If you still want to generate those remotely: On Linux you can generate more entropy by simply pinging a host (e.g. ping 8.8.8.8) if you own another network host try to have pings every 100ms (if your RTT is <100ms of course ). And/or use find to look for files on your hard disk and flush the RAM cache between each file search.
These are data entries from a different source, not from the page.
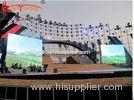 P20 Indoor Stage Soft Flexible Vision LED Curtain for Billboard , Concerts , Stage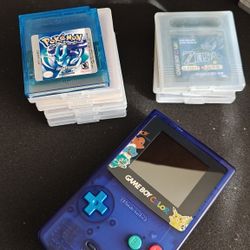 Gameboy Color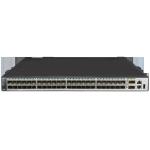 S6720-54C-EI-48S-AC 48 10 Gig SFP+ 2 40 Gig QSFP+ Interface With 1 Interface Slot With 600W AC Power Supply for sale
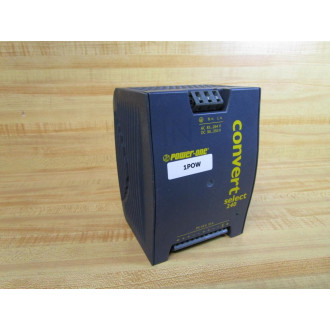 Power One LWN 1601-6 Converter LWN16016 - Used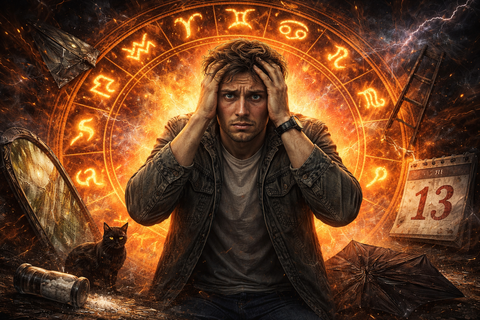 неудачи астрология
You could also installed haveged but read the limitations if you are running it in a virtual environment: https://wiki.archlinux.org/index.php/Haveged#Virtual_machines

Solution 4:

On Debian based systems, you can install the rng-tools package using atp-get, and then start the daemon to generate entropy:

echo HRNGDEVICE=/dev/urandom >> /etc/default/rng-tools && service rng-tools restart

On CentOS-6 servers, the rng daemon is installed as one of the base tools (at least on most systems I've worked on it is), and you can run the following command to start it, in order to generate entropy:

sed -i \'s|EXTRAOPTIONS=\"\"|EXTRAOPTIONS=\"-r /dev/urandom\"|g\' /etc/sysconfig/rngd && service rngd restart

Solution 5:

sudo yum install haveged && sudo systemctl start haveged

definitely works on a CentOS 7.2 VM. Sometimes you want to create GPG keys on a vm if you're creating a bunch and want your keyring intact.